CFPB Reminder to Lenders: You Can’t Collect on Illegal Loans

  • The Consumer Financial Protection Bureau (“CFPB”) reached a settlement with lender and loan collector Think Finance, LLC and six related subsidiaries (collectively, “Think Finance”) to resolve allegations that Think Finance engaged in illegal loan collection practices in violation of the Dodd-Frank Wall Street Reform and Consumer Protection Act of 2010.
  • In the amended complaint, the CFPB alleged that Think Finance, in affiliation with tribal lenders, operated an enterprise that offered and collected online installment loans and online lines of credit nationwide, even though the loans offered were partially or completely void in 17 states. The CFPB further alleged that Think Finance made deceptive demands to consumers, illegally removed funds from consumers’ accounts, and provided substantial assistance to two debt collection companies that also engaged in illegal debt collection practices.
  • Under the terms of the proposed stipulated final consent order, which is a component of a global resolution of a Think Finance bankruptcy proceeding that also includes settlements with Pennsylvania AG Josh Shapiro and a consumer class action lawsuit, Think Finance will be barred from offering or collecting on loans in any state where the loan violates state lending laws, among other things.
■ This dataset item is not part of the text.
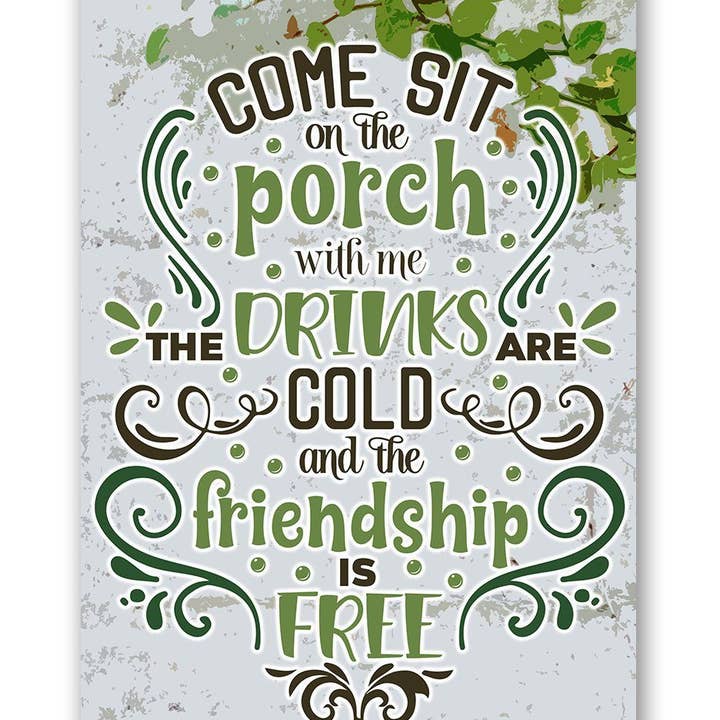 Lone Star Art - Wholesale Sign - Come Sit on the Porch With Me - Metal Sign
The global resolution will also establish a fund for consumer redress, and it is anticipated that distributions from the fund will reach over $39 million.

Data Privacy & Security

California AG Offers Clarifying Tweaks to Proposed CCPA Regulations

  • California AG Xavier Becerra issued revised proposed regulations under the California Consumer Privacy Act (“CCPA”), which went into effect January 1, 2020.
  • Among other things, the revised proposed regulations clarify how businesses may determine whether the information they handle is “personal information” for the purposes of the CCPA, and specify that businesses cannot use “personal information” for any purpose that is “materially different than disclosed in the notice of collection” – a less stringent standard than the standard specified in the original regulations.
  • The deadline to submit written comments regarding the regulatory update is February 25, 2020. The AG cannot bring an enforcement action under the CCPA until July 1, 2020.

Consumer Protection

FTC Busts a Fantasy: Pills That Promise Youth Allegedly Don’t Deliver

  • The Federal Trade Commission (“FTC”) reached settlements with supplement company Quantum Wellness Botanical Institute, LLC and its officer (collectively “Quantum Wellness”) and Maria Gutierrez Veloso (“Veloso”) to resolve allegations that they deceptively marketed a pill as a cure-all for age-related conditions in violation of the FTC Act.
  • In the complaint, the FTC alleges that first Veloso, then Quantum Wellness aggressively advertised ReJuventation, a pill containing amino acids and herbal extracts that they claimed – without substantiation – could reverse the aging process by increasing human growth hormone, and reverse a number of conditions including Alzheimer’s disease and wrinkles.
  • The stipulated orders against Quantum Wellness and Veloso, among other things, enjoin them from making health claims that are not substantiated by scientific evidence, and impose partially suspended judgments totaling $3.4 million with required payments totaling $660,000 to the FTC, which the FTC may use to provide refunds to defrauded consumers.